Thirty Philippine civil society organizations took part in the training-workshop and decided to engage the Philippine government in the UN-UPR process.  They identified key human rights issues and concerns on the ground, the Philippine government’s voluntary pledges and commitments made during its candidacy to the HRC, the existing mechanisms (both local and international) that protect and promote human rights, and the gaps in the promotion and protection of human rights vis-à-vis these mechanisms.  Committees were constituted for the gathering of data, drafting, validation and submission of the NGO report.

On November 20, 2007, the “Joint Submission by NGOs with Consultative Status and Endorsed by 29 Civil Society Organizations (JSNGO)” was received by the OHCHR. This was the official title of the NGO submission initiated by PAHRA, which was quoted 11 times in the OHCHR collation of reports. The JSNGO report was only one of the 31 civil society submissions to the UPR, including that of the Commission on Human Rights-Philippines (CHRP).

For the 2nd Cycle of the UPR process, PAHRA again took the initiative to facilitate gathering of relevant civil society organizations in a series of workshop-consultation starting June of 2010.

  1. FIDH Civil Society Consultation on the Philippine Government’s Compliance on the CESCR, UPR and CAT Recommendations, June 17, 2010, in Quezon City;
  2. NGO National Consultation on the UPR, March 26, 2011 in San Mateo, Rizal;
  3. Universal Periodic Review 2nd Cycle Writeshop, September 12, 2011in Quezon City;
  4. Commission on Human Rights of the Philippines (CHRP) and Civil Society Consultation-Workshop on the UPR, November 8, 2011 in Quezon City

On November 28, 2011, in time for the submission deadline PAHRA submitted to the OHCHR a report entitled “Joint Civil Society Report for the 2nd Cycle Universal Periodic Review”.  Sixty-three (63) CSOs collaborated to finalize the 2nd cycle report.

UPR lobby work

In 2008, upon the official acknowledgement of the JSNGO report by the OHCHR, the secretariat for the UPR process, PAHRA through its International Affairs Committee embarked on both local campaign and international lobby. Information dissemination and discussion of the report with various stakeholders, including the media, highlighted the local initiatives. The international lobby included appointments with individual heads of various permanent missions in Geneva, meetings with the different UN Special Procedures in relation to their mandates, and establishing links with international NGOs and exploring possible areas of cooperation and complementation of work. A Philippine Lobby team was composed to form the PAHRA delegation to Geneva.

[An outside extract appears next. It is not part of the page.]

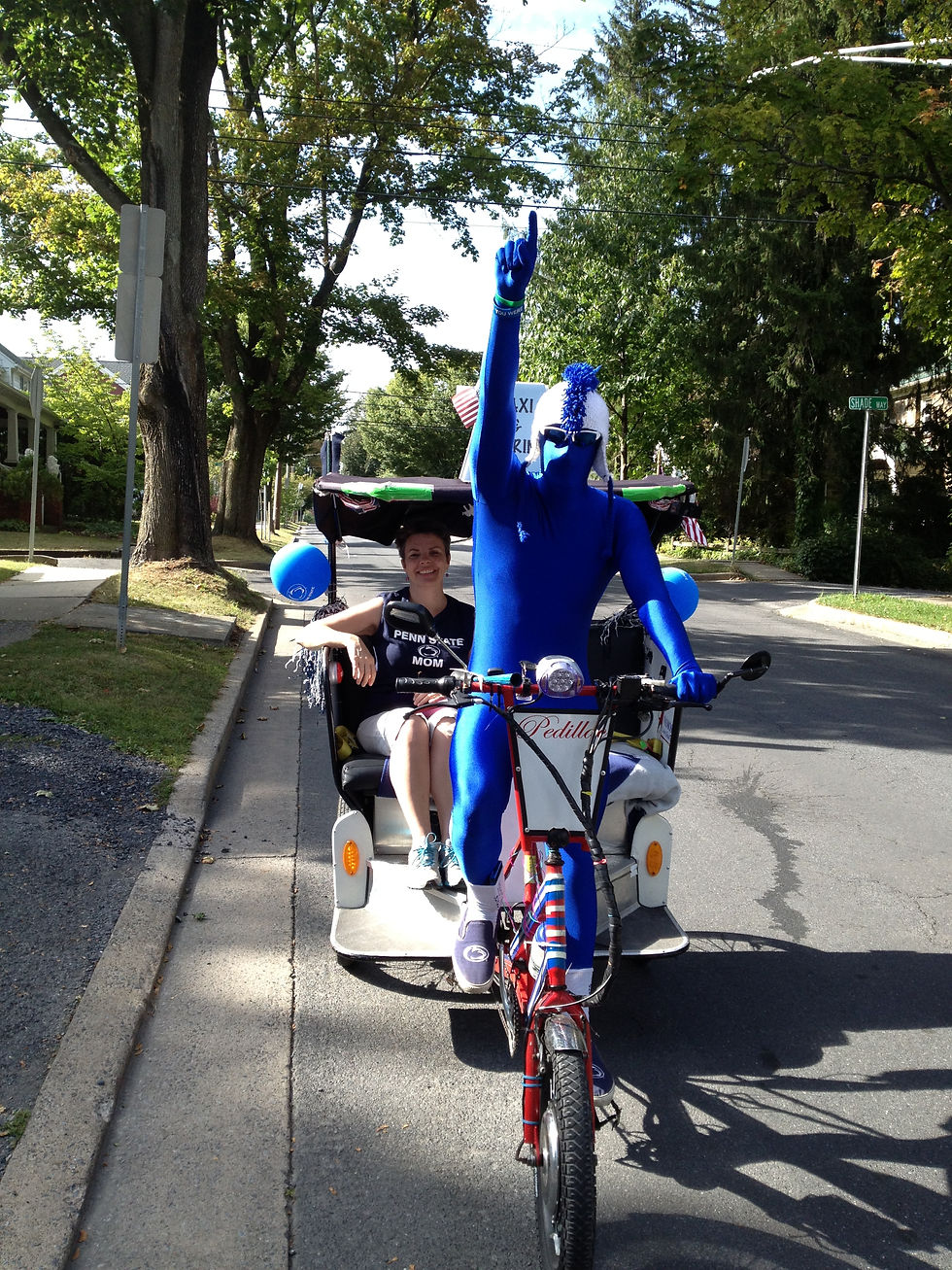 Vamos! Lion Chariot Tours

The team met and discussed issues with various Permanent Missions and representatives of the offices of Special Procedures. While representatives of the Special procedures welcomed the team in their offices, meetings with country-diplomats/permanent missions were conducted during session breaks. Though meetings were informal, the discussions raised serious issues and concerns. The lobby succeeded in getting the commitments to bring to the session questions and recommendations regarding human rights in the Philippines.

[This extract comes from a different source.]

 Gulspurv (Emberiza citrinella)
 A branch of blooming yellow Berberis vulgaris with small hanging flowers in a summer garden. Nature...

Countries like France, Canada, India, Mexico, Slovenia, Ghana, Thailand, Japan, Guatemala, Republic of Korea, Switzerland, UK, USA, Australia, Malaysia and the offices of the special rapporteurs on Torture, Human Rights Defenders, Terrorism, Internally Displaced Persons, Violence against Women, Enforced Disappearance and OHCHR were among the groups the team was able to meet.

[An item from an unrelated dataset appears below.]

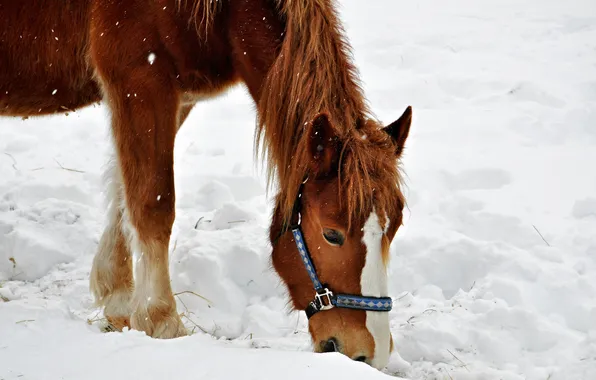 Картинка зима, снег, лошадь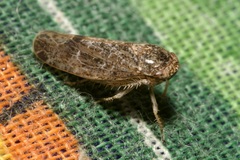 Allygidius atomarius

Out of the 18 Country Missions the team reached, 17 missions spoke during the interactive dialogue. 16 Missions carried the team’s questions and recommendations while only Thailand praised the Philippine Government.  Malaysia declined to intervene, as it was a troika member for the Philippine review.

On April 10, 2008, the Philippine lobby team together with other international NGOs and various government missions were invited to a luncheon with the Philippine government panel hosted by then Executive Secretary Eduardo Ermita, head of the panel. At the gathering, CSO representatives met with the government panel, during which the lobby team pointed out the gaps in the government report and gave recommendations for the government to consider.  Issues like extrajudicial execution, torture, and housing and policies such as EO 197, Mining Act, and human rights protection and promotion, were raised.  Recommendations like issuance of standing invitation to all special procedures, accession to OPCAT and CED, reporting to the treaty bodies and meaningful involvement of CSOs in government human rights processes were forwarded.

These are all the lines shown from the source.